THE future of the vacant land at Peel Park may be determined soon and I can report that South Lanarkshire Council has got itself into a right mess over it.
Readers may recall there has been something of a long-running saga over this site. Frankly, it should have been developed years ago and potentially hundreds of people could now be employed there. Tesco won permission to build a store there along with a Dobbies garden centre. Then Tesco sold a number of sites, including this one.
A new company, SC East Kilbride Limited, propose a retail development and have been waiting for around two years for a decision. To say they are frustrated with the council is an understatement. There has been a recent flurry of letters, which are interesting and a tad concerning. The council should have determined this by December last year.
On June 28 it wrote to the applicants’ planning consultant asking to be allowed extra time. The applicants agreed to this by email the same day. Five days later they received a letter in the post – also dated June 28. Remember, this was the date that the council pleaded for extra time to deal with what it described as a major/complex application.
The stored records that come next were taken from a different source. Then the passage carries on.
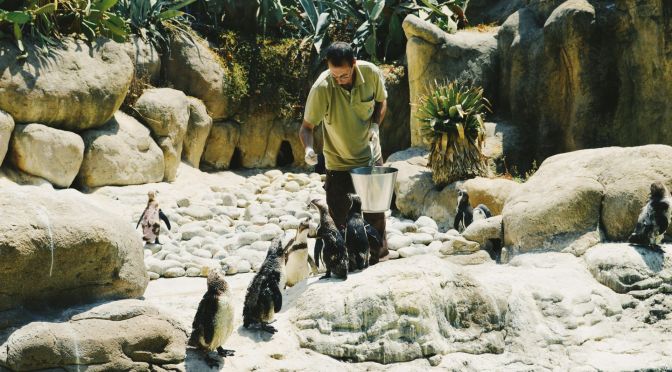 Exploring the Life of a Zookeeper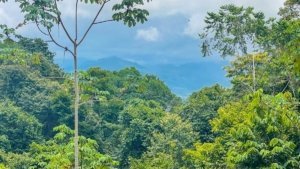 Lush green tropical forest with mountain backdrop in Dominical, Costa Rica.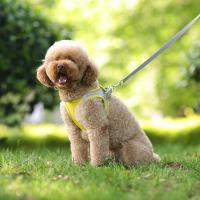 Juego De Correa Y Arnés Ajustable Para Perros Pequeños Vestido De Gato Pupilo Chihuahua Pug Bulldog Francesés Caminar Al Aire Libre - details 7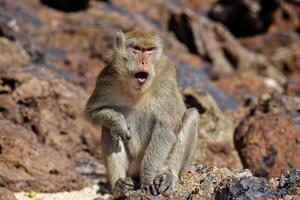 This monkey is separated from the herd to sit and be exposed to the sun, not in a group. photo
The new letter though took a different stance and it appears that extra time was no longer being sought. The new letter said: “It is considered that the scale of the proposed development and its nature would be a significant threat to the town centre.” It went on to say: “It would be our intention to report the application to the earliest available planning committee with a recommendation for refusal.”
A cynic could conclude that the council pulled a fast one – getting the extension it needed and then delivering the bombshell. The applicants have told me that they will readily agree to restrictions on the units planned so that they can only accommodate bulky goods like furniture. The applicants argue that none of their potential occupiers would impact on the town centre.
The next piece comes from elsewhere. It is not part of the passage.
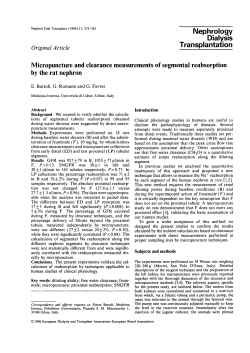 Micropuncture and clearance measurements of segmental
I have written before that we need to protect the town centre. We cannot risk it going under. A new retail development would not automatically do that so the council must take a careful consideration here. And it needs to play fair, or risk a costly and damaging appeal.
I recently held a meeting with people interested in setting up a Friends of group for Westwoodhill Recreation Area. I invited along some very inspirational people from similar groups covering Cambuslang Park, Stonehouse Park and various groups in Edinburgh. There is a real appetite to do something, so the next stage will be to form a committee and agree a constitution.
This came about because of the threat from the council to build on the park. Out of that negative could come a positive.